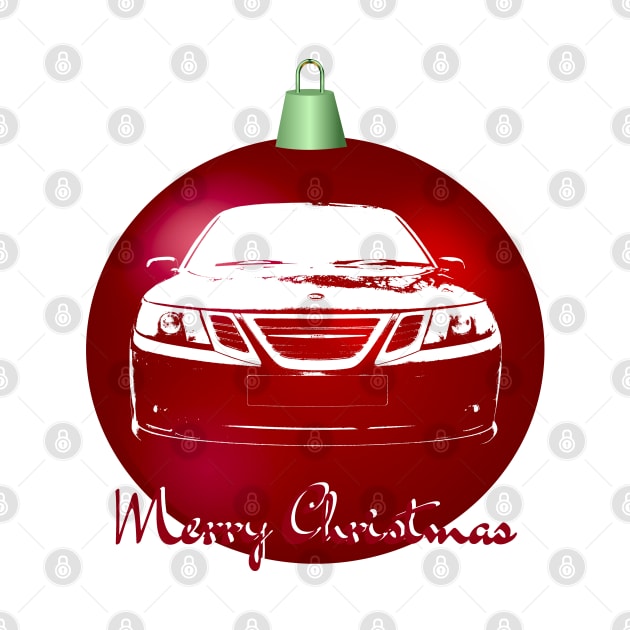 Saab 9-3 Swedish classic car monoblock Christmas ball special edition by soitwouldseem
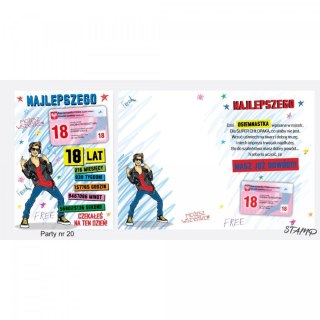 Kartka składana B6 PARTY Urodzinowy dla chłopaka 18 lat Ev-corp (STKP-020)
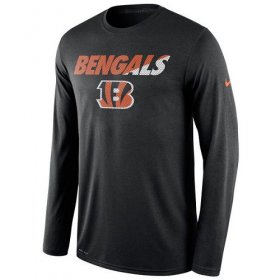 Wholesale Cheap Men\'s Cincinnati Bengals Nike Black Legend Staff Practice Long Sleeves Performance T-Shirt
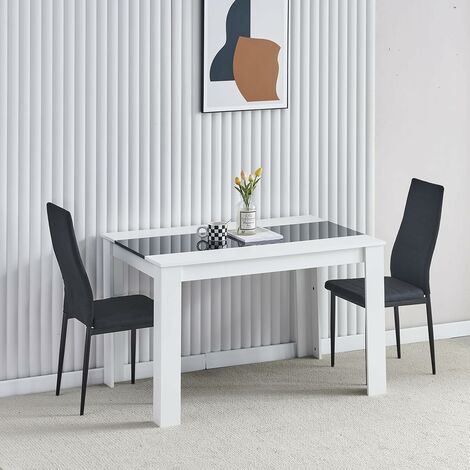 Dining Room Set, Black White Dining Table and Chairs, 120x80 cm Kitchen Table Dining Table with Chairs (Table with 2 Chairs,Black Linen)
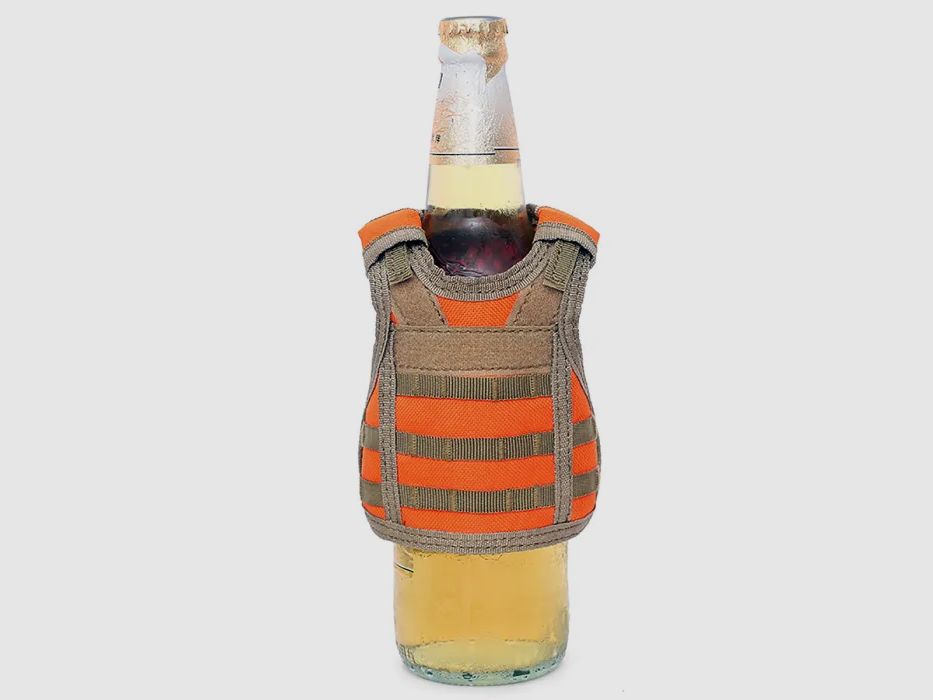 Mini protective vest for beer bottle / wine bottle / thermos bottle - orange red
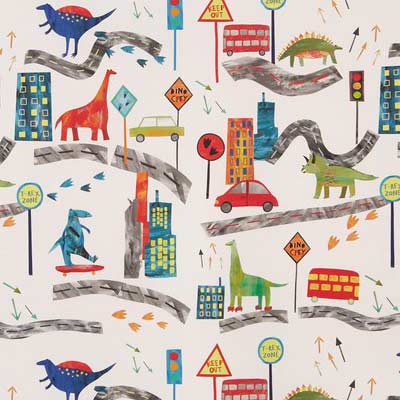 Dino City Jungle Fabric by Prestigious Textiles - 8712/683 | Modern 2 Interiors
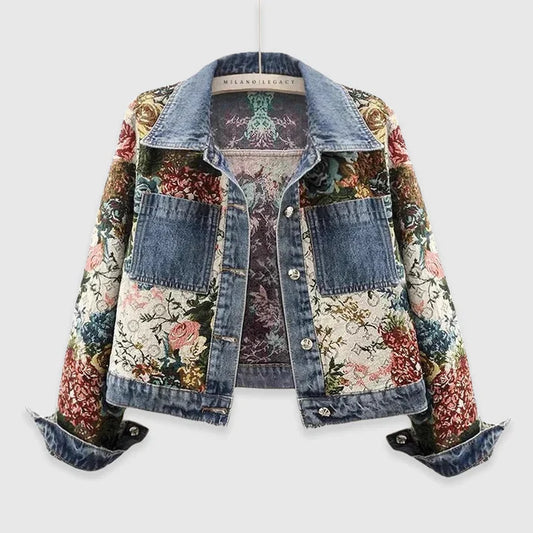 Veste en jean femme – Coupe courte – Broderies florales – Fermeture boutonnée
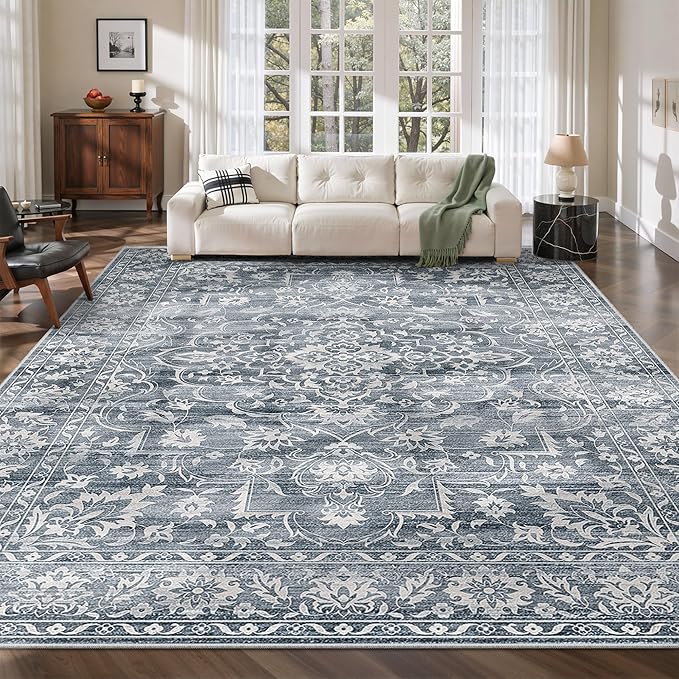 8x10 Washable Area Rugs for Living Room, Vintage Floral Stain Resistant Non-Slip Low Pile Natural Rug Soft Throw Large Carpet for Dining Room Bedroom Home Office (Blue, 8'x10')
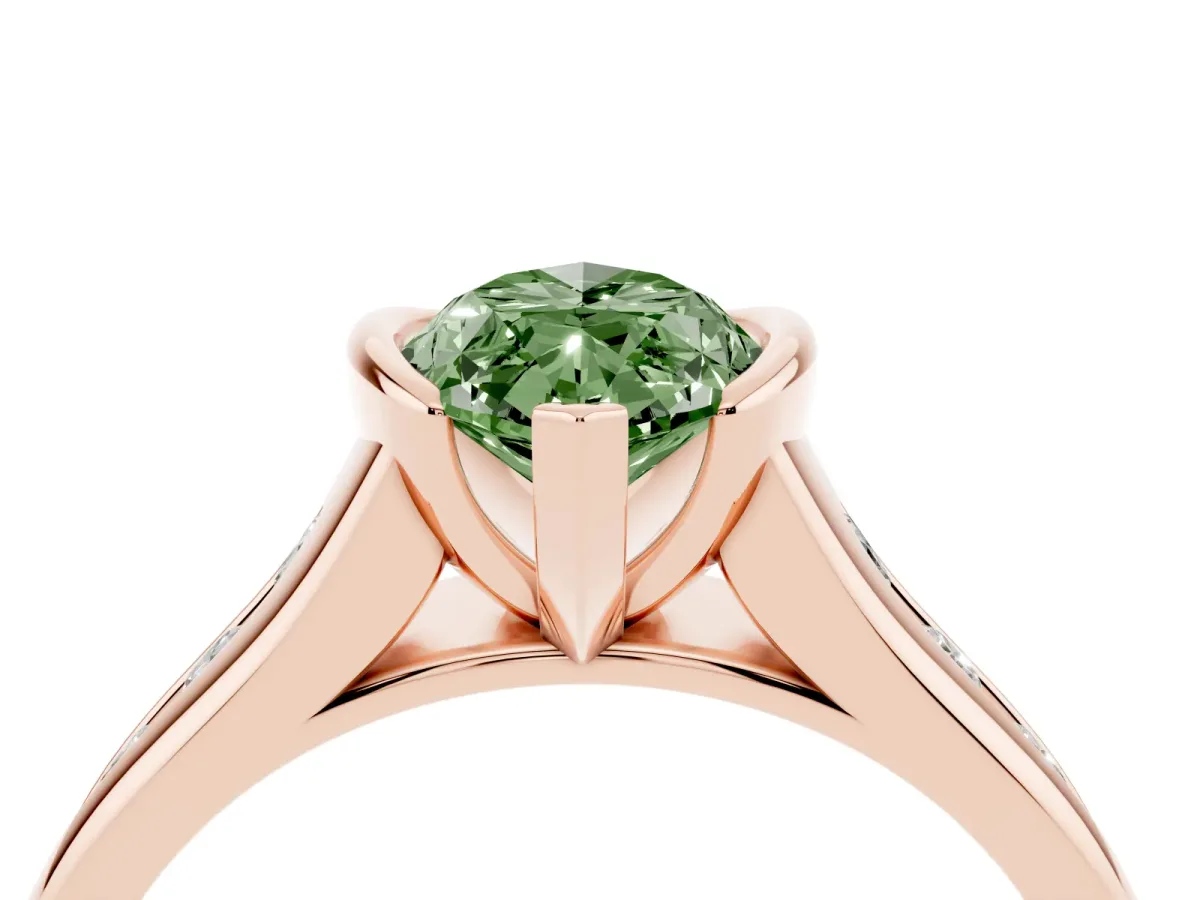 Fancy Green Marquise Cut Solitaire Bezel-Set Diamond Ring with Channel-Set Band Rose gold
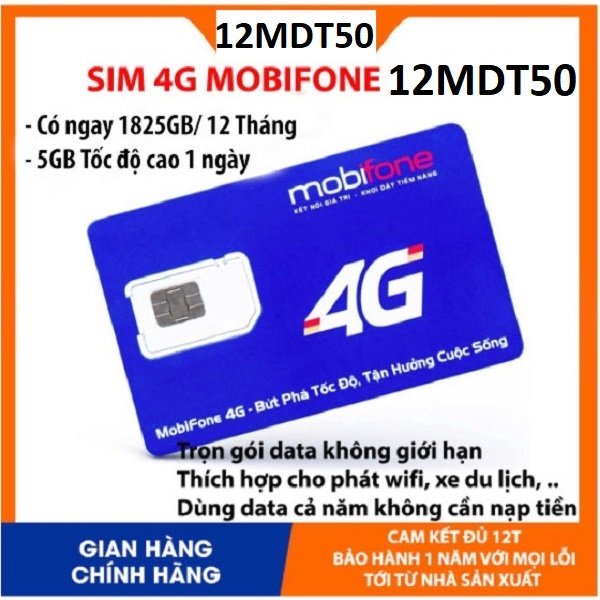 [ Free 1 năm không nạp] Sim 4G Mobifone 12MDT50 Tặng 150GB/ Tháng Tốc Độ Cao - Sim Sóng Khỏe Như Viettel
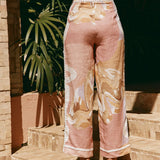 Diana| Calça de cintura alta com estampa artística - Ines Braga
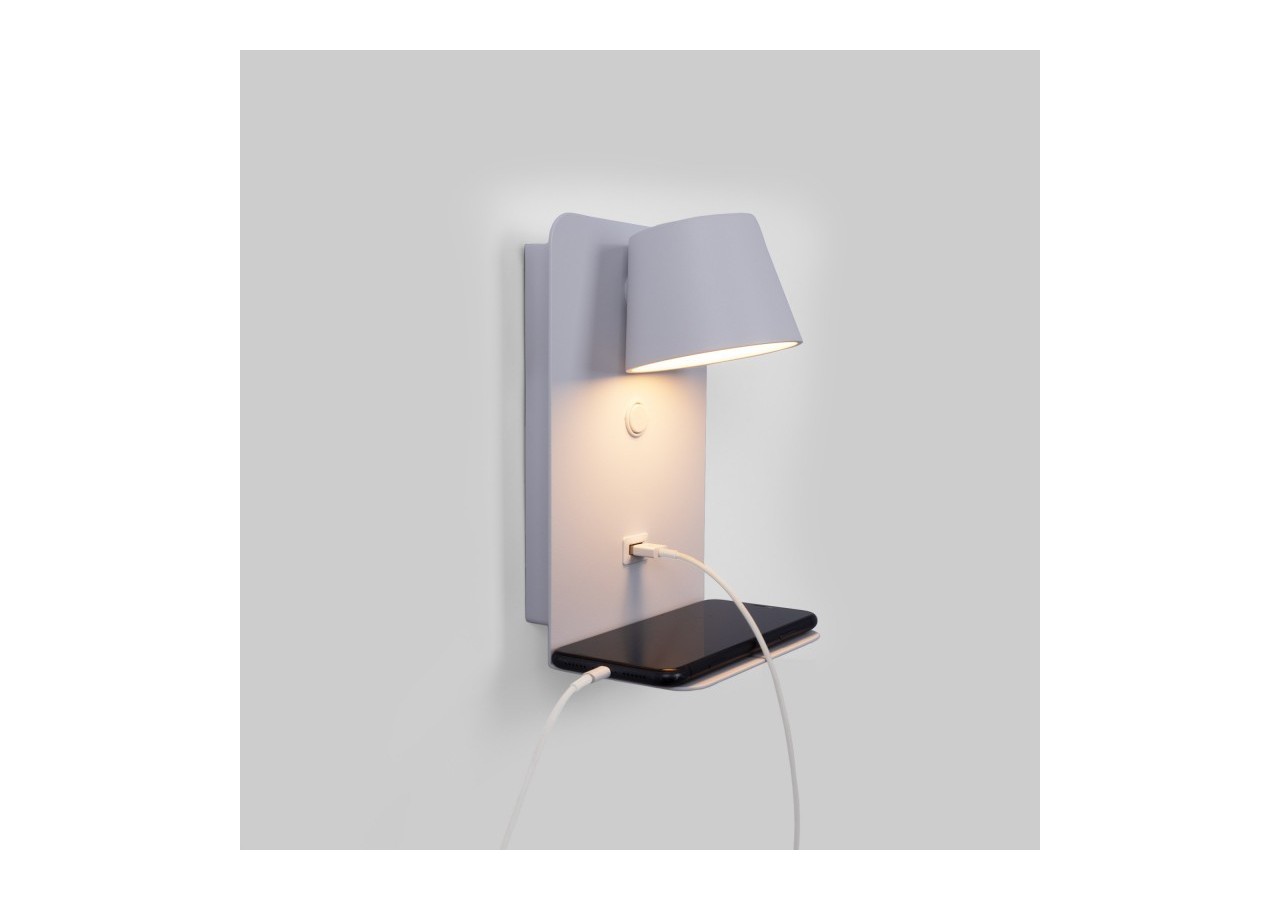Lot de 2-Applique murale liseuse avec port USB "BASKOP"-6W-Design vertical-Blanc - K1545-2B - Barcelona LED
____
## TASK ITEM
Leave the pictures out and reproduce exactly the lines from the top of the listing above through the line with "Kartka składana B6".

## ANSWER BOX
 Saab 9-3 Swedish classic car monoblock Christmas ball special edition by soitwouldseem
 Kartka składana B6 PARTY Urodzinowy dla chłopaka 18 lat Ev-corp (STKP-020)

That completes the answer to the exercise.